The nearby coastline was Stuart’s color guide when she developed Chapel House’s soft interiors. Throughout the home she used mostly white paint in addition to gray, green, and blue accent tones, and left many original architectural details unchanged. “I wanted it to be a building filled with natural light and sea colors, and feel comfortable but uncluttered,” she says. In the small dining area she arranged midcentury British and Scandinavian furnishings atop 230-year-old flagstones. From the timeworn flooring pale blue walls rise up, divided by large picture windows.
Additional communal spaces include the property’s ample drawing room, where ashen tones dominate—from the floorboards to the ceiling and two off-white sofas. Here again Stuart used period piece furniture, including a bookcase from 1760 that she picked up at a London antique fair. The space’s fireplace was created in Bath and also dates back to the 1700s, its frame made of Carrara marble.
Chapel House’s six rooms are distributed across its first and second floors and no two are exactly alike, though all share vistas of the waterside. Similar in style to the hotel’s communal spaces, many bedrooms are clad in watery shades and fitted out with a blend of new and restored furniture. Upstairs in Bedroom Four, original wooden beams crisscross a vaulted space. Under this dramatic ceiling a graceful tub is just visible from the bed on its bespoke oak frame. The bed’s headboard is a vibrant shade of turquoise linen that complements the adjacent sea-foam green easy chair.
The three second-story rooms circle around a small library and games zone, which is brightened by an ample glass dormer. “It was a challenge to install the dormer, which had to be lifted in by crane on a windy day,” says Stuart, who explains that the challenge was also structural, as the team had to cut out a chunk of the roof and insert a large steel box. “But the impact was transformational and in the end the roof was stronger than when we started.”

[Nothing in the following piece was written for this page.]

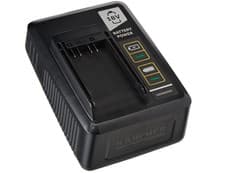 Image of Kärcher Charger 18V 2.5 & 5.0Ah Platform - 2.445-032.0 - EU Plug with Converter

An orange loveseat accented with raspberry-hued pillows sits under the dormer, a punch of color in the otherwise whitewashed area. Also tucked under the dormer is Room Six’s bathroom, which holds a deep bathtub swathed in gray porcelain tiles, a nook from which guests can observe nearby rooftops and the night sky. Other rooms hold small bathrooms created from glass partitions or larger bathrooms covered in Carrara marble.
Overall, Chapel House is a blend of old-meets-new. “The whole project was really about bringing an 18th-century building into the 21st century. Where there was no architectural merit it seemed right to be contemporary,” says Stuart, who has no concrete plans to open another hotel in the future. “It’s early days and I did this because I wanted to live here,” she says. “It’s lifestyle rather than career.”